5

I have a code that runs many iterations and only if a condition is met, the result of the iteration is saved. This is naturally expressed as a while loop. I am attempting to make the code run in parallel, since each realisation is independent. So I have this:

while(nit<avit){
    #pragma omp parallel shared(nit,avit)
    {
        //do some stuff
        if(condition){
            #pragma omp critical
            {
                nit++;
                \\save results
            }
        }
    }//implicit barrier here
}

and this works fine... but there is a barrier after each realization, which means that if the stuff I am doing inside the parallel block takes longer in one iteration than the others, all my threads are waiting for it to finish, instead of continuing with the next iteration.

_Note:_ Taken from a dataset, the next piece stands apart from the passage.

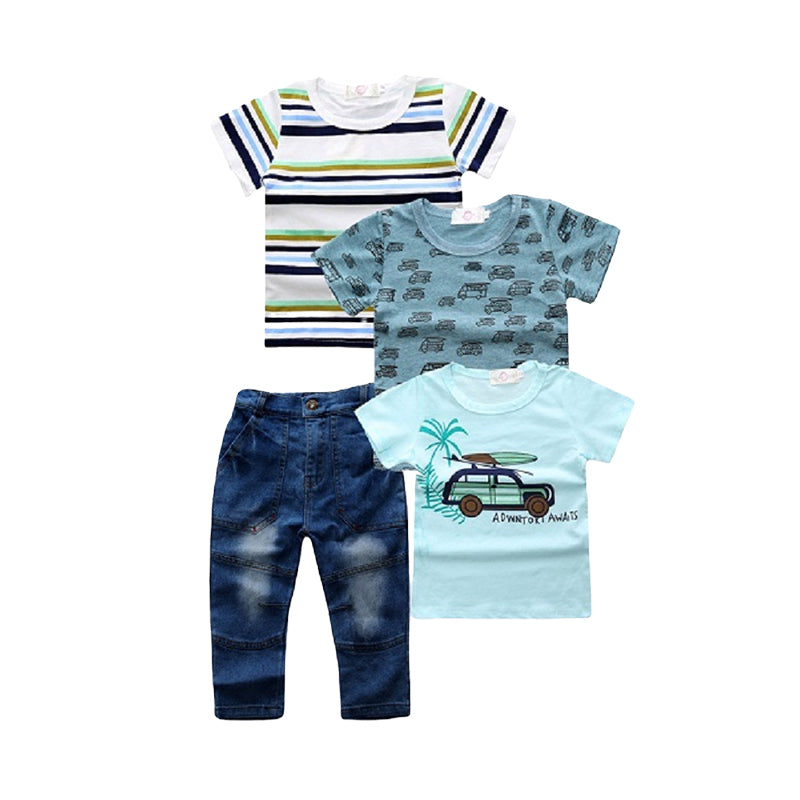 4 Pieces Set Baby Kid Boys Striped Letters Car Cartoon Print T-Shirts And Solid Color Pants Jeans Wholesale 22030802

Is there a way to avoid this barrier so that the threads keep working? I am averaging thousands of iterations, so a few more don't hurt (in case the nit variable has not been incremented in already running threads)...

I have tried to turn this into a parallel for, but the automatic increment in the for loop makes the nit variable go wild. This is my attempt:

#pragma omp parallel shared(nit,avit)
{
    #pragma omp for
    for(nit=0;nit<avit;nit++){
        //do some stuff
        if(condition){
            \\save results
        } else {
            #pragma omp critical
            {
                nit--;
            }
        }
    }
}

and it keeps working and going around the for loop, as expected, but my nit variable takes unpredictable values... as one could expect from the increase and decrease of it by different threads at different times.

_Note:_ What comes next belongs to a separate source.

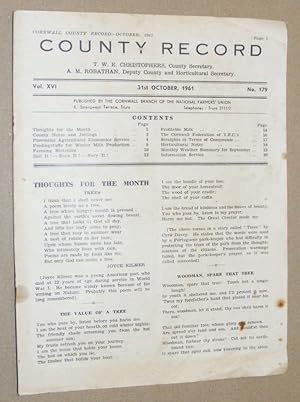 Cornwall County Record Vol. XVI no.179, 31st October, 1961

I have also tried leaving the increment in the for loop blank, but it doesn't compile, or trying to trick my code to have no increment in the for loop, like

...
incr=0;
for(nit=0;nit<avit;nit+=incr)
...

but then my code crashes...

Any ideas?

Thanks

Edit: Here's a working minimal example of the code on a while loop:

#include <random>
#include <vector>
#include <iostream>
#include <time.h>
#include <omp.h>
#include <stdlib.h>
#include <unistd.h>

using namespace std;

int main(){

    int nit,dit,avit=100,t,j,tmax=100,jmax=10;
    vector<double> Res(10),avRes(10);

    nit=0; dit=0;
    while(nit<avit){
        #pragma omp parallel shared(tmax,nit,jmax,avRes,avit,dit) private(t,j) firstprivate(Res)
        {
            srand(int(time(NULL)) ^ omp_get_thread_num());
            t=0; j=0;
            while(t<tmax&&j<jmax){
                Res[j]=rand() % 10;
                t+=Res[j];
                if(omp_get_thread_num()==5){
                    usleep(100000);
                }
                j++;
            }
            if(t<tmax){
                #pragma omp critical
                {
                    nit++;
                    for(j=0;j<jmax;j++){
                        avRes[j]+=Res[j];
                    }
                    for(j=0;j<jmax;j++){
                        cout<<avRes[j]/nit<<"\t";
                    }
                    cout<<" \t nit="<<nit<<"\t thread: "<<omp_get_thread_num();
                    cout<<endl;
                }
            } else{
                #pragma omp critical
                {
                    dit++;
                    cout<<"Discarded: "<<dit<<"\r"<<flush;
                }
            }
        }
    }
    return 0;
}

I added the usleep part to simulate one thread taking longer than the others. If you run the program, all threads have to wait for thread 5 to finish, and then they start the next run. what I am trying to do is precisely to avoid such wait, i.e. I'd like the other threads to pick the next iteration without waiting for 5 to finish.

2
  • It's not really possible to answer the question properly without a more specific understanding of some stuff. Particularly we have no Idea whether nit is accessed in some stuff and what is supposed to happen when multiple threads have condition at the same time, or nit was updated multiple times while one thread was doing some stuff... It's hard, but for a good, specific, answer you have to create a minimal reproducible example. Commented Nov 18, 2017 at 10:13
  • Thanks for the comment @Zulan. I edited the question to add a minimal working example at the end. Hope this clarifies things. Commented Nov 21, 2017 at 11:12

1 Answer 1

4

You can basically follow the same concept as for this question, with a slight variation to ensure that avRes is not written to in parallel:

int nit = 0;
#pragma omp parallel
while(1) {
     int local_nit;
     #pragma omp atomic read
     local_nit = nit;
     if (local_nit >= avit) {
          break;
     }

     [...]

     if (...) { 
          #pragma omp critical
          {
                #pragma omp atomic capture
                local_nit = ++nit;
                for(j=0;j<jmax;j++){
                    avRes[j] += Res[j];
                } 
                for(j=0;j<jmax;j++){
                    // technically you could also use `nit` directly since
                    // now `nit` is only modified within this critical section
                    cout<<avRes[j]/local_nit<<"\t";
                }
          }
     } else {
          #pragma omp atomic update
          dit++;
     }
 }

It also works with critical regions, but atomics are more efficient.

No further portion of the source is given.